RAG can be a valuable complement to lexical searching in traditional databases. It is easier to formulate a question in natural language than to construct an effective search using keywords and Boolean operators. Semantic search can help find sources that might otherwise be missed. The summaries generated can assist in more quickly identifying relevant sources. However, keep in mind that the summaries are not always accurate—read the original sources if you intend to use them in your own work. 

In most RAG-based tools, you can formulate your search query or prompt using natural language. It is usually best to focus on describing the topic and avoid “prompt engineering” techniques used in chatbots. Phrases about how the answer should be structured, what types of sources to select, and other instructions not related to the topic itself may conflict with the RAG tool’s functionality and reduce the quality of the results. 

Risks

A disadvantage of RAG-based tools is that the process of searching and selecting sources is not transparent. It is not possible to understand why certain sources are presented, nor how the ranking is determined. 

Reproducibility is also lacking. Reproducibility means that someone else should be able to repeat, for example, a scientific experiment and obtain the same result. In terms of search, the same query performed by different people should yield the same results, as should the same query performed at different times. Due to the nature of generative AI, each generated text is intended to be unique. Even the sources retrieved may vary, meaning the same query repeated at different times or by different users may often yield different results. This makes it impossible to conduct systematic searches using these tools. 

Keyword searches in a traditional database often provide an overview of the research on a particular topic. The number of hits gives an indication of how much the topic has been studied, and by reviewing the list of results, one can get a sense of common themes. When searching in a RAG-based tool, this overview is usually not provided. You receive the same number of results regardless of how much or how little research exists in the area you are asking about. 
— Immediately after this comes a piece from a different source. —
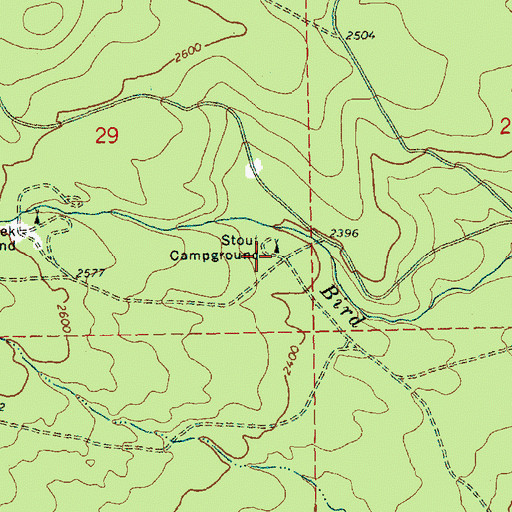 Topographic Map of Stout Campground, WA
Terms of Use and Copyright 

Many AI tools save the input you provide and use it in various ways, including as training data. Read the terms of use for each service to learn more, and be cautious if, for example, you input someone else’s material or sensitive information. 

Copyright only applies to material created by human beings. AI-generated images and text are therefore not covered. No one holds copyright to AI-produced material. However, there may be restrictions on how the material can be used. These restrictions can be found in the terms of use you accepted when you created an account for the service.

Cheating and Plagiarism 

Before using AI tools in your studies, you need to check what guidelines apply to the specific course. In general, you should never submit work as your own if you have not substantially completed it yourself. For the sake of transparency, it may be recommended to state which tools you used, and how. KTH's pages on cheating and plagiarism contain more information.

AI tools as a reference  

Practice varies as to whether AI tools should be cited as references. They are not sources in the traditional sense and according to some recommendations they should rather be mentioned as tools used. If you need to reference AI tools, you can sometimes find examples of how to do so in a guide to the referencing style you are using.